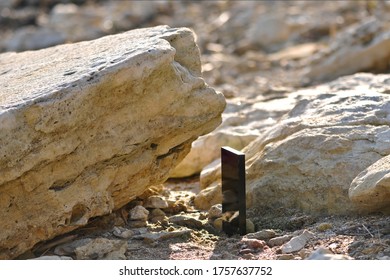 Black Monolith On Old Sandstone Rock Near The Sea Coast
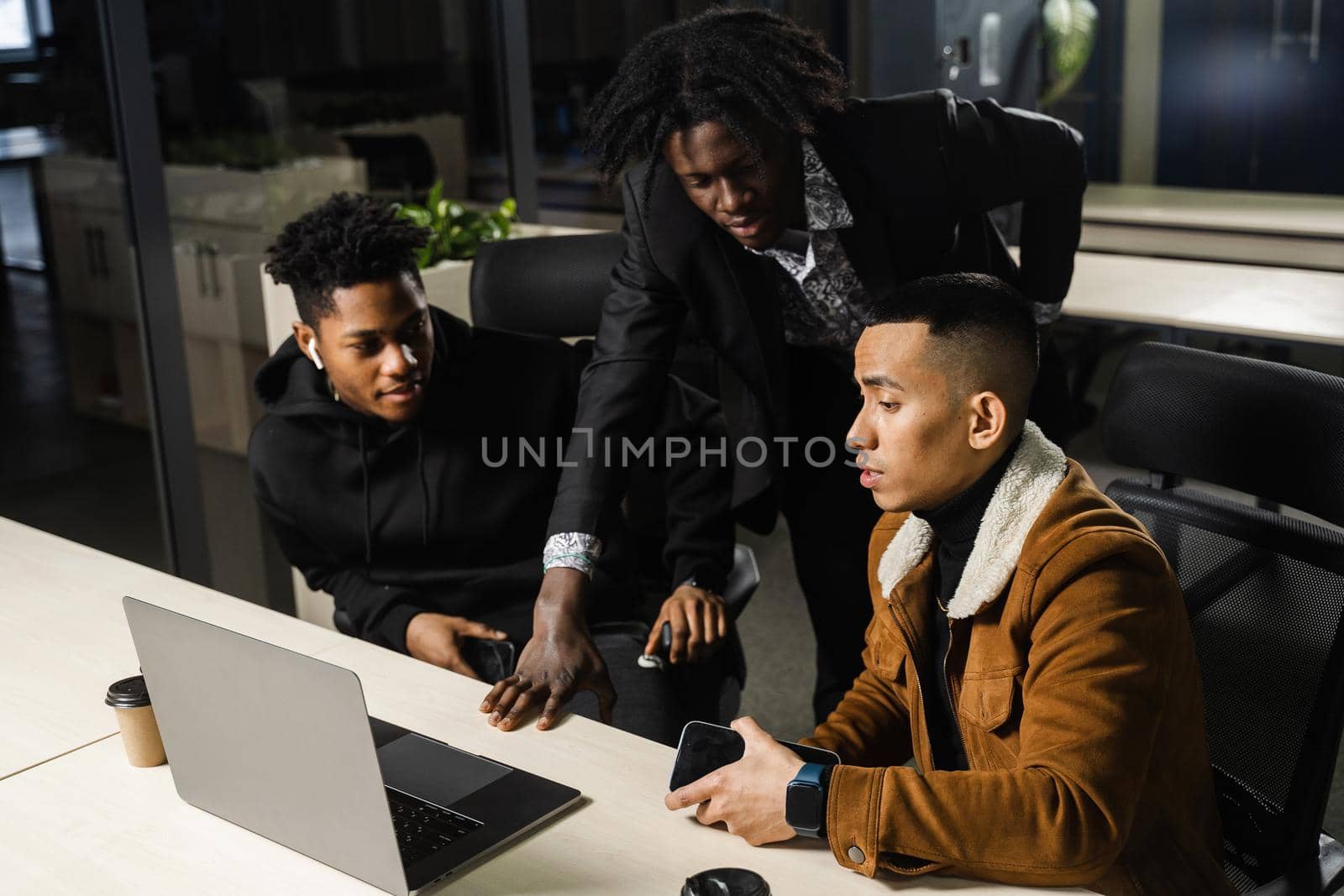 Mixed race of men teamwork on laptop in office. Discussing and working on on online projects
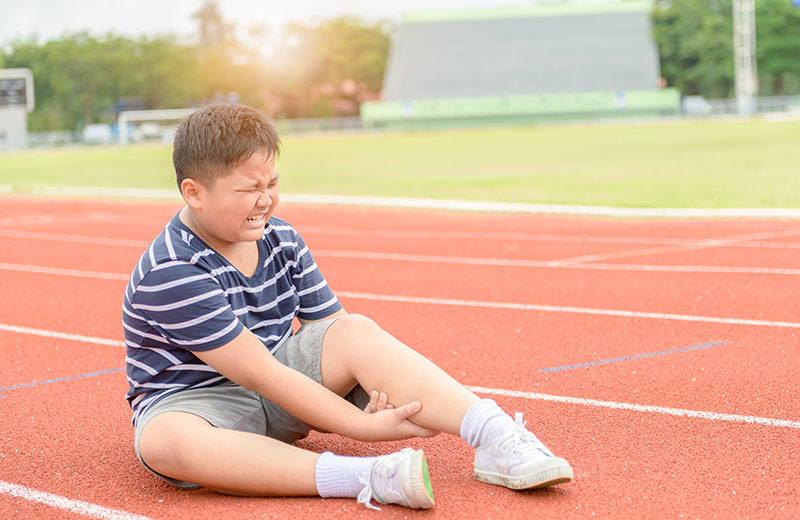 Young Hispanic boy feeling muscle pain caused by growing pains.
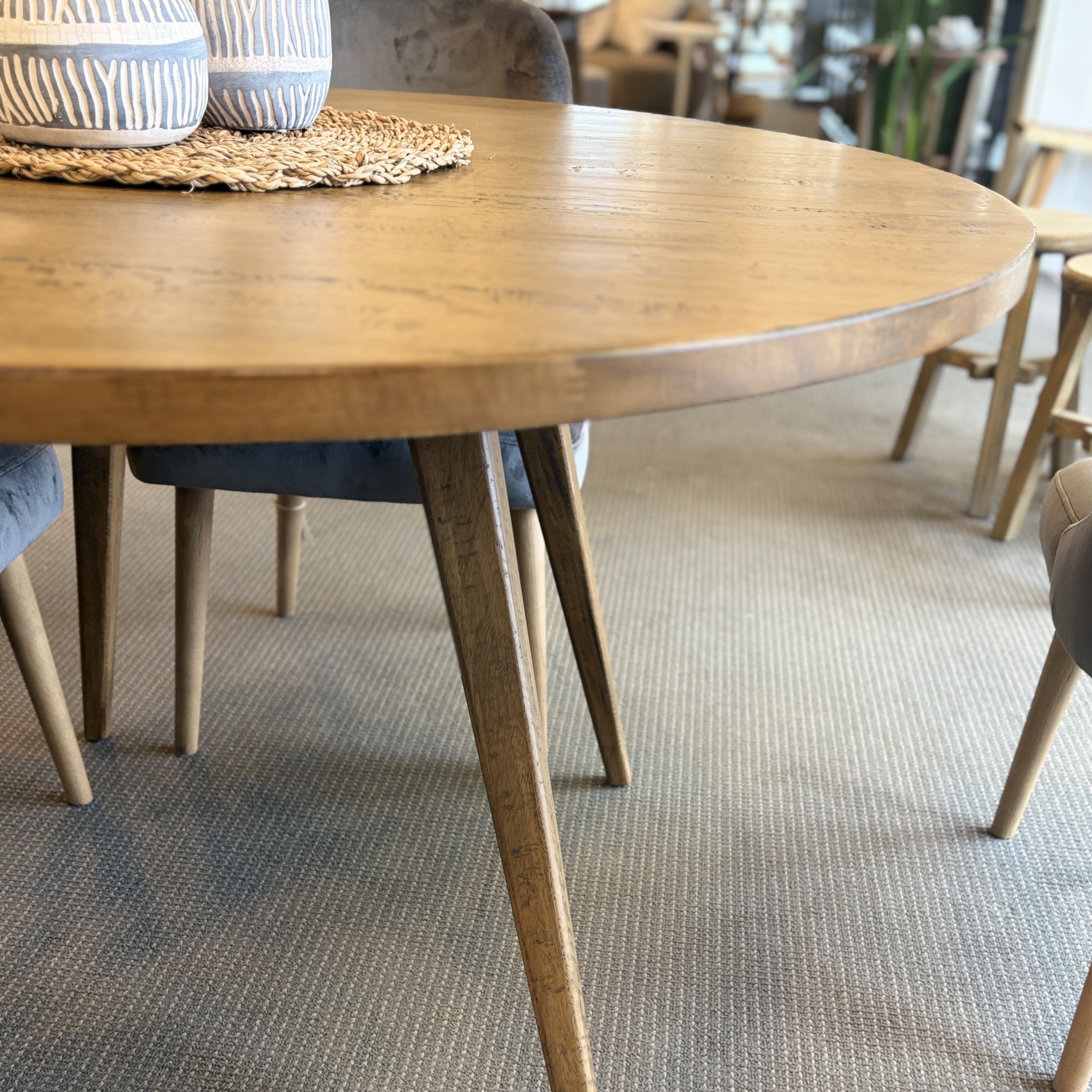 Side view of the Florence Round Dining Table in Natural, highlighting the slim profile, tapered legs and solid timber construction.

● PROBLEM DESCRIPTION:
Reproduce, word for word, the lines from the one containing "Mixed race of" through the final line above. Leave every picture out.

● WRITTEN ANSWER:
 Mixed race of men teamwork on laptop in office. Discussing and working on on online projects
 Young Hispanic boy feeling muscle pain caused by growing pains.
 Side view of the Florence Round Dining Table in Natural, highlighting the slim profile, tapered legs and solid timber construction.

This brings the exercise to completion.